Several of the other types of VirtualMachineService build on the ClusterIP type as a foundation.

If a VirtualMachineService has the .spec.clusterIP set to "None", then no IP address is assigned. Please see headless services for more information.

Network topologies and type: ClusterIP

A VirtualMachineService of type: ClusterIP is only valid when VMs are running on a Kubernetes cluster whose networking topology allows the control plane nodes to access the workload networks directly, such as the basic networking model for VMware vSphere Supervisor. In this model, pods deployed to the cluster can access the VM workloads via a VirtualMachineService via its cluster IP. However, not all networking topologies allow the control plane nodes direct network access to the workload networks to which VMs may be connected.

type: LoadBalancer

In clusters with support for external load balancers, setting the type field to LoadBalancer provisions a load balanced IP address for a VirtualMachineService. The actual creation of the load balanced IP happens asynchronously, and information about the provisioned IP address is published in the VirtualMachineService's .status.loadBalancer field. For example:

apiVersion: vmoperator.vmware.com/v1alpha3
kind: VirtualMachineService
metadata:
  name: my-vm-service
spec:
  selector:
    app.kubernetes.io/name: my-app
  ports:
  - protocol: TCP
    port: 80
    targetPort: 9376
  type: LoadBalancer
status:
  loadBalancer:
    ingress:
    - ip: 192.168.0.2

Explicit load balancer IP address

The field spec.loadBalancerIP was used to request an explicit IP address from the load balancer.
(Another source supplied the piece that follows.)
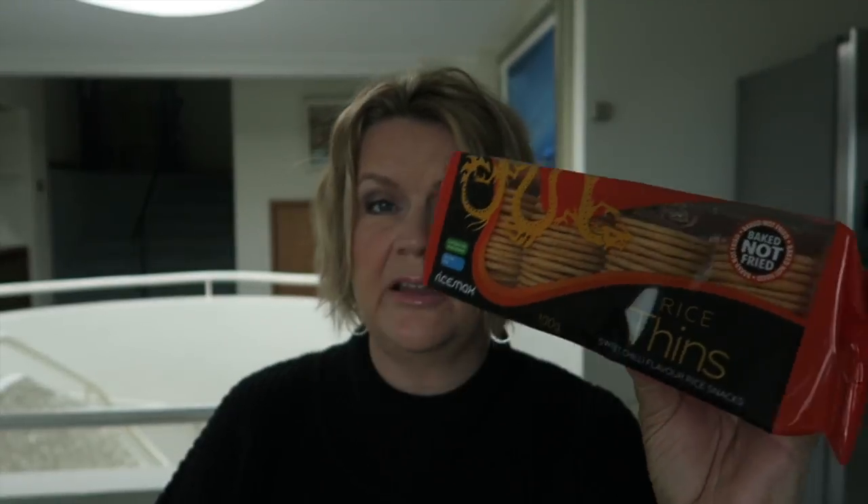I bought some rice thins chili crackers — I think I got these last time too. They're baked, not fried, gluten free and suitable for vegetarians. They've got 450 calories per 100 grams — I suspect they're probably not particularly good for you, but they feel like they are because they're rice crackers and they're baked. And they taste nice, which always helps! They were 79p.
However, this field was deprecated in Kubernetes 1.24. Still, if the field is set in a VirtualMachineService, the value will be copied to the underlying Service resource.

Unsupported

The following service types are not supported by a VirtualMachineService:

type: NodePort

The Kubernetes service type NodePort is not supported by the VirtualMachineService API, nor are node ports allocated for ports exposed via a VirtualMachineService resource.

This is because VM workloads do not share the same networking stack as the nodes (ESXi hosts) on which the VMs are scheduled. Therefore, unless an ESXi host is configured to have access to the same network where a VM may be running, the ESXi host is unable to access that VM over the network.

type: ExternalName

The VirtualMachineService API also does not support type ExternalName. This type maps a service to the contents of the externalName field (for example, to the hostname api.foo.bar.example). The mapping configures the cluster's DNS server to return a CNAME record with that external hostname value. If this type of service is required, simply create a Service resource directly instead of using a VirtualMachineService.